Yeah. Vegas is down to 2800 houses for sale and 980 condos. With 3536 units sold last month, we have about 1 month’s supply. What’s a balanced market again? 6 months? So if sales fall another 80%, and inventory doesn’t, we’ll have a balanced market? 

Peak selling season and you have maybe 600 houses and a couple hundred condos to choose from without an offer?  Narrow that down by location, square feet, garage spaces, bedrooms, yard space, ignore price, layout, condition, and design, and you probably still have 2-3 houses to choose from unless someone else gets there first. In the entire valley. Better hurry before selling season is over and inventory dries up.  Don’t forget. Most of those sellers are going to buy another home in the valley. So if 300 of those homes get sold the sellers might buy he other 300  

https://www.thelasvegasluxuryh...

Don’t get me wrong. Prices have already fallen more than 5% once in its 115 year history (or more fairly, in the 70 years it’s been “vegas”) it could certainly happen again in the next 100 years. That would drop prices back to January’s prices. Or a 10% drop back to November 2021 prices.
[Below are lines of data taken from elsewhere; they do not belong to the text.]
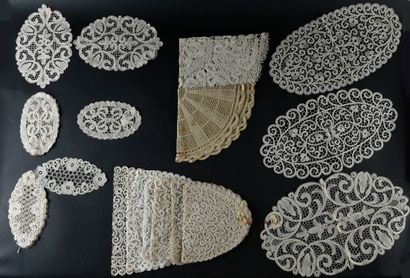 Placemats and saucers in bobbin lace, Belgium,...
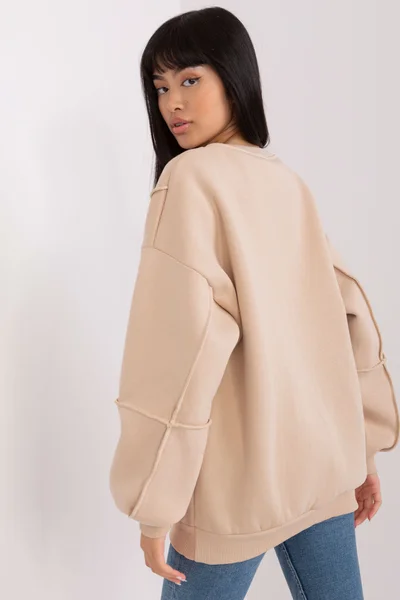 Beige oversize dámská mikina EM BL od FPrice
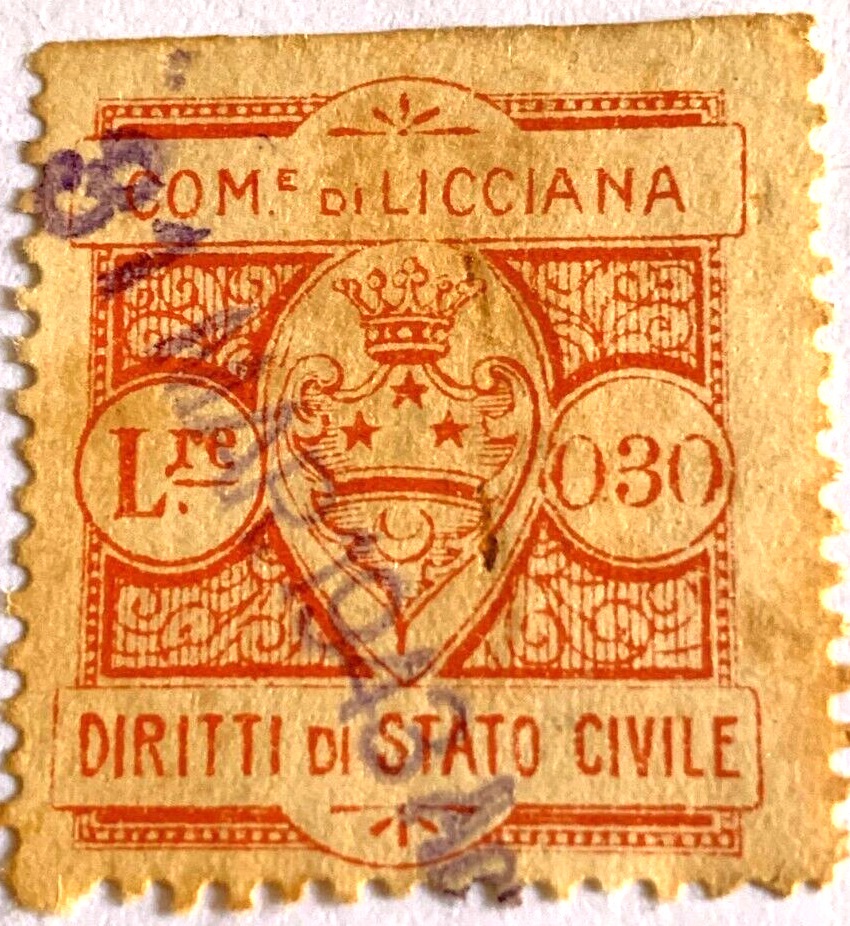 Marca da Bollo del Comune di LICCIANA NARDI su Carta Bianca di dimensioni mm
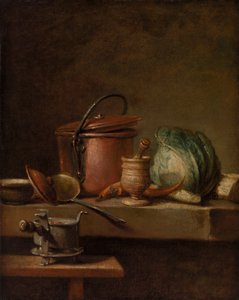 Zátiší s měděným hrncem, zelím, paličkou a sporákem od Jean Baptiste Simeon Chardin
We’d certainly hate to see a 20% drop, an insane number. Back to may 2021. Of course anyone with any money in he stock market knows that. 

Maybe we get lucky and it drop 5-10% in October back to May 2022 prices, or we get unlucky and they still haven’t fixed inflation and prices are up another 20%, and inventory has cratered as nobody wants to sell and give up their mortgage.